Crude oil prices edged lower on Tuesday despite encouraging developments in trade talks between the United States and China, as traders remained cautious about the outcome.
Brent crude was trading at $66.82 per barrel, while West Texas Intermediate (WTI) hovered around $65 per barrel. This came after U.S. and Chinese officials reported progress in talks aimed at easing export restrictions and developing a long-term resolution to their trade dispute.
U.S. Commerce Secretary Howard Lutnick confirmed a tentative agreement, saying, “We have reached a framework to implement the Geneva consensus.” He noted that the framework still requires approval from both President Joe Biden and President Xi Jinping before it can be put into action.
Analysts suggest that the lack of formal approval may have tempered optimism in the oil market, despite prices holding higher than last week’s levels.
“The deal removes some downside risks, especially for China’s economy, and offers stability for the U.S.,” said Tony Sycamore, an analyst with IG. “Both factors should support crude demand and prices.”
In Europe, the European Union announced it is weighing new sanctions against Russia.
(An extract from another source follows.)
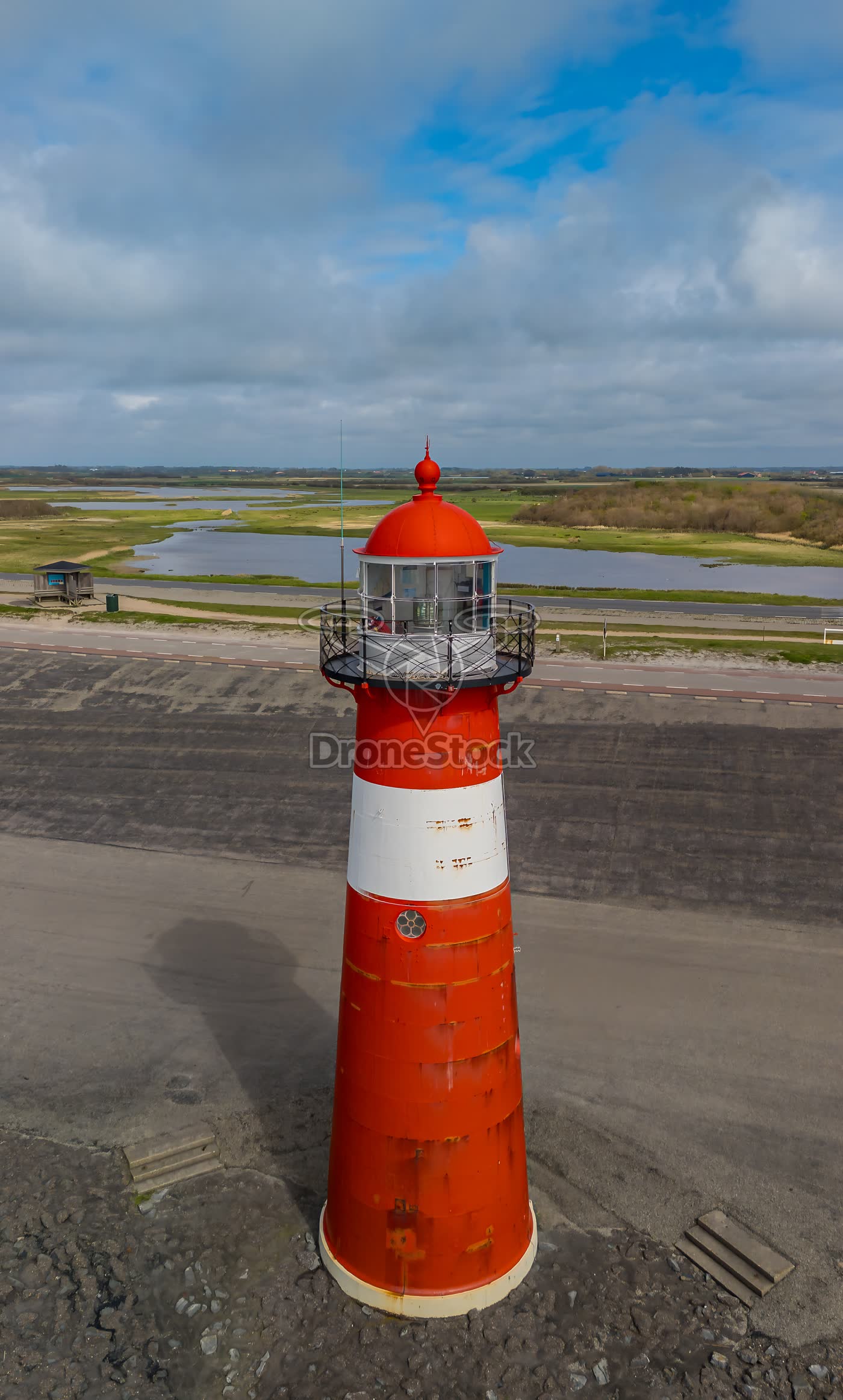 Rode vuurtoren aan kust kust van Westkapelle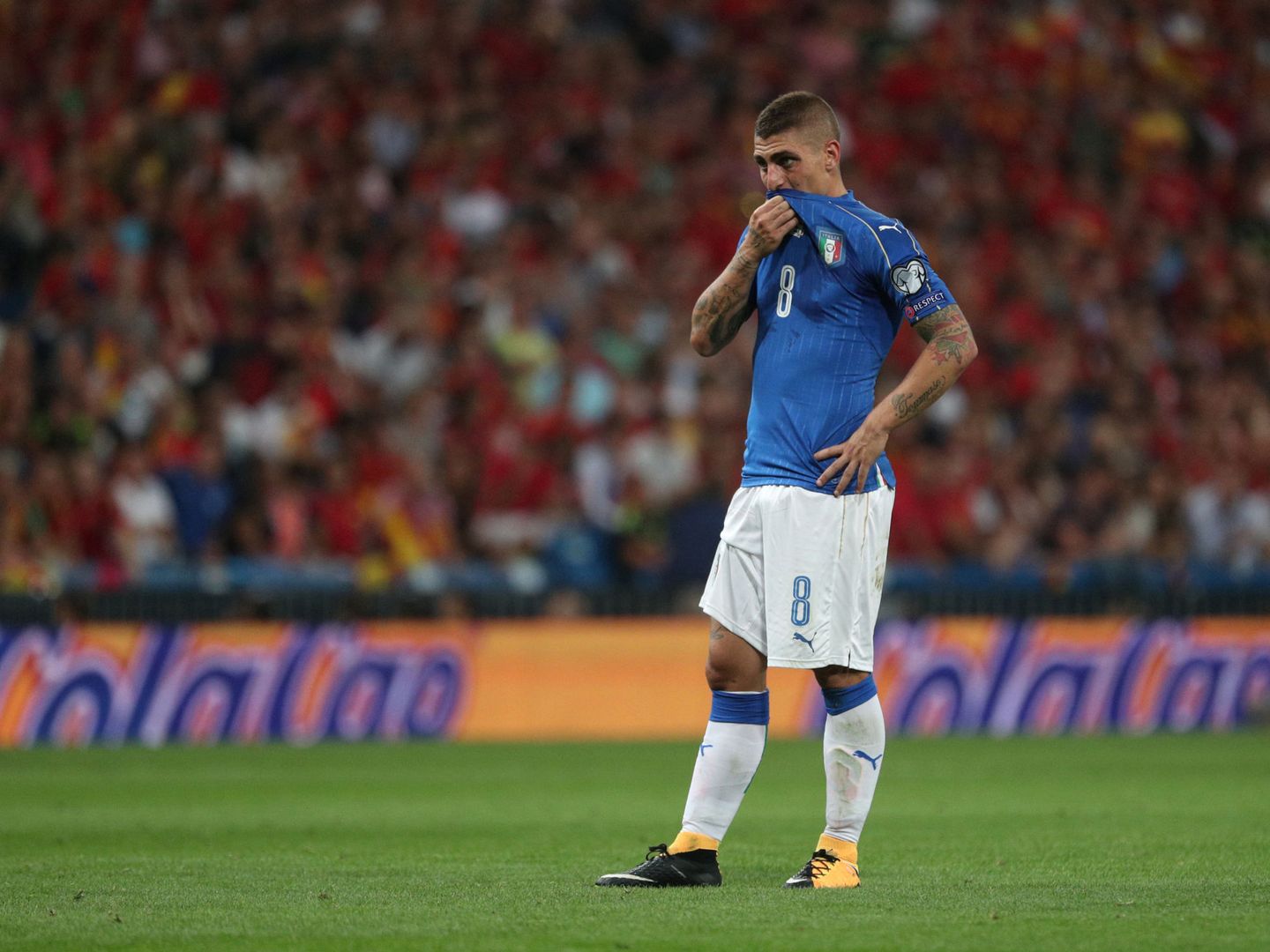 Marco Verratti se lamenta durante un partido de la selección italiana | Reuters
This includes a potential ban on the dormant Nord Stream pipeline and a further price cap on Russian crude oil. The measures would form part of the bloc’s 18th sanctions package against Moscow.
However, broader economic concerns could limit oil demand growth. The World Bank revised its global growth forecast downward from 2.7% to 2.3%, warning that 2024 may mark the slowest year for the global economy since the 2008 financial crisis. This gloomy outlook adds to the bearish pressure on crude markets.